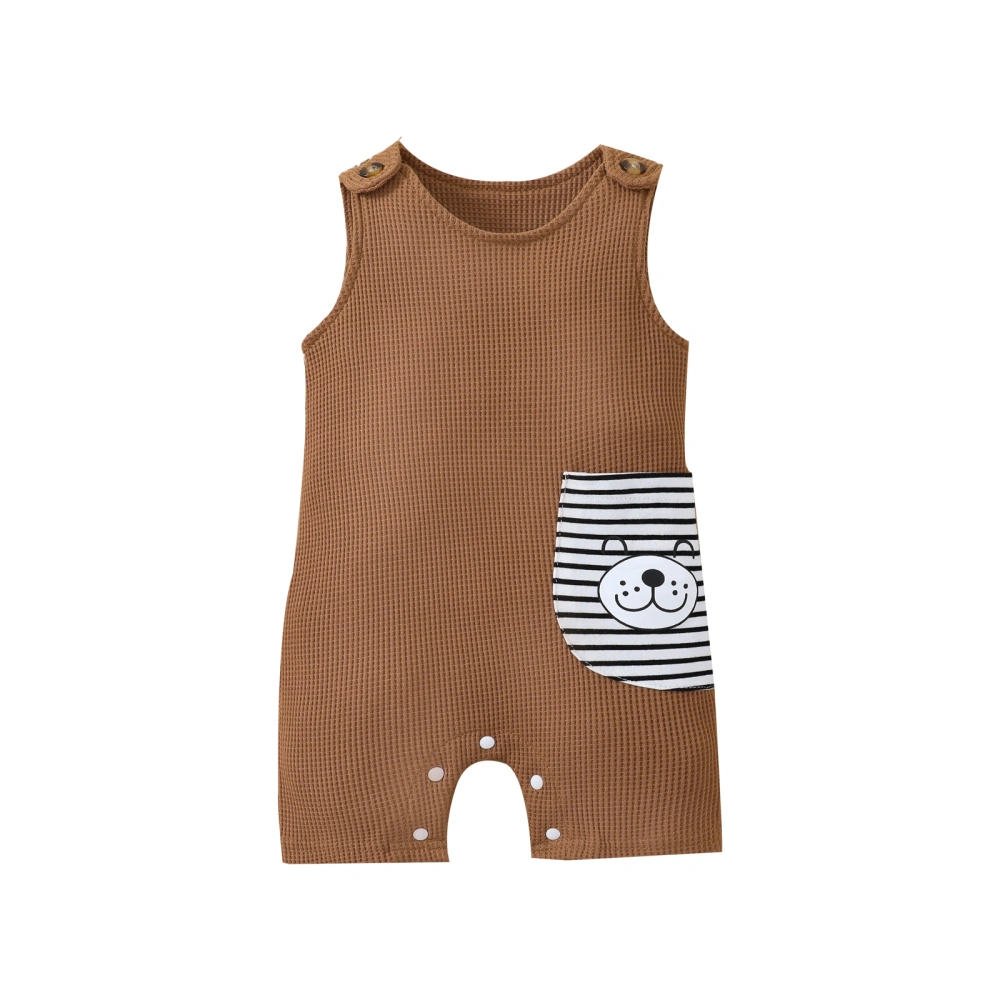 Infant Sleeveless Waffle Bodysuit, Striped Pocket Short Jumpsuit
==
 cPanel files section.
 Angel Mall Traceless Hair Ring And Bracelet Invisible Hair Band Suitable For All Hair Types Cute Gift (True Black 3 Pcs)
...
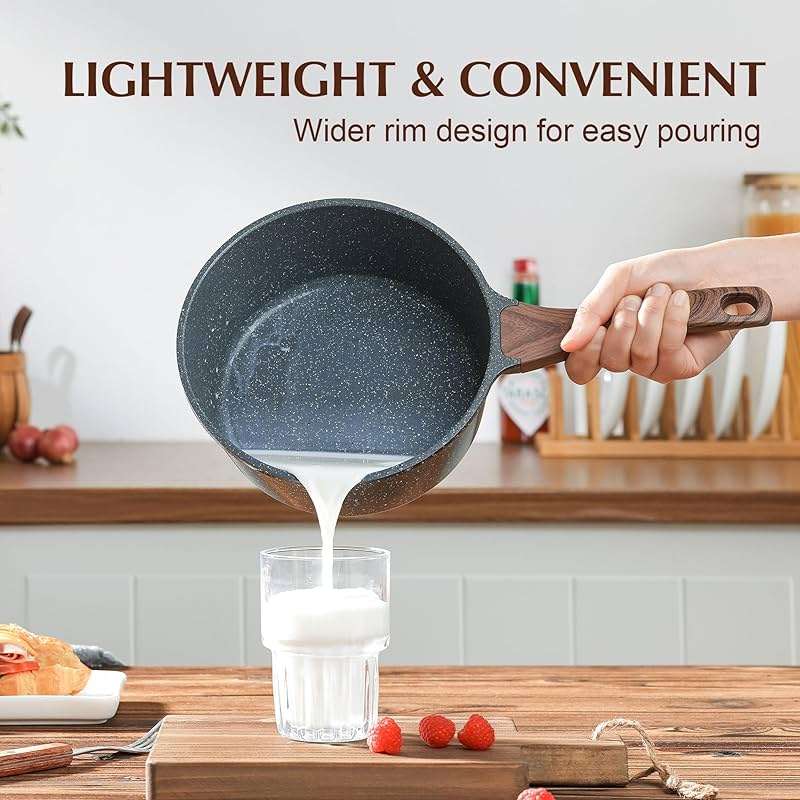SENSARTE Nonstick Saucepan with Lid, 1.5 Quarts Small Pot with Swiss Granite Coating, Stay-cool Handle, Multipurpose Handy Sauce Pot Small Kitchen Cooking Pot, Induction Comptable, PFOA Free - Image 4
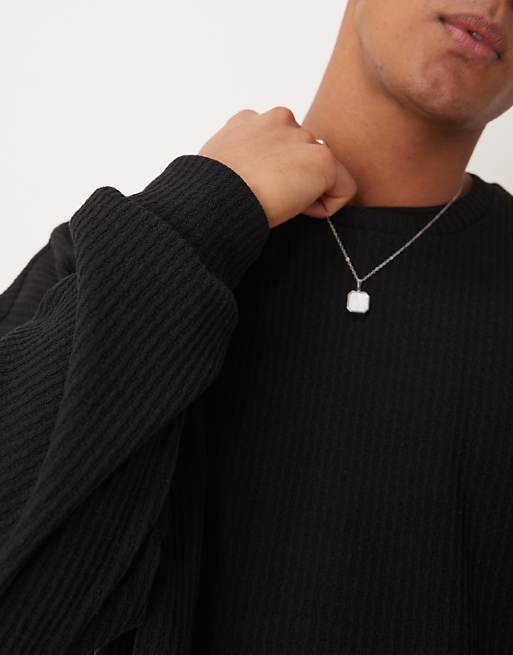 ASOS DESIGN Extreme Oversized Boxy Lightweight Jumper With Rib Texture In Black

_Exercise directions:_ Would you please write out, exactly and with no other lines, the stretch of the listing above from the line containing "cPanel files section." through the line containing "Angel Mall Traceless"?

_Answer box:_
 cPanel files section.
 Angel Mall Traceless Hair Ring And Bracelet Invisible Hair Band Suitable For All Hair Types Cute Gift (True Black 3 Pcs)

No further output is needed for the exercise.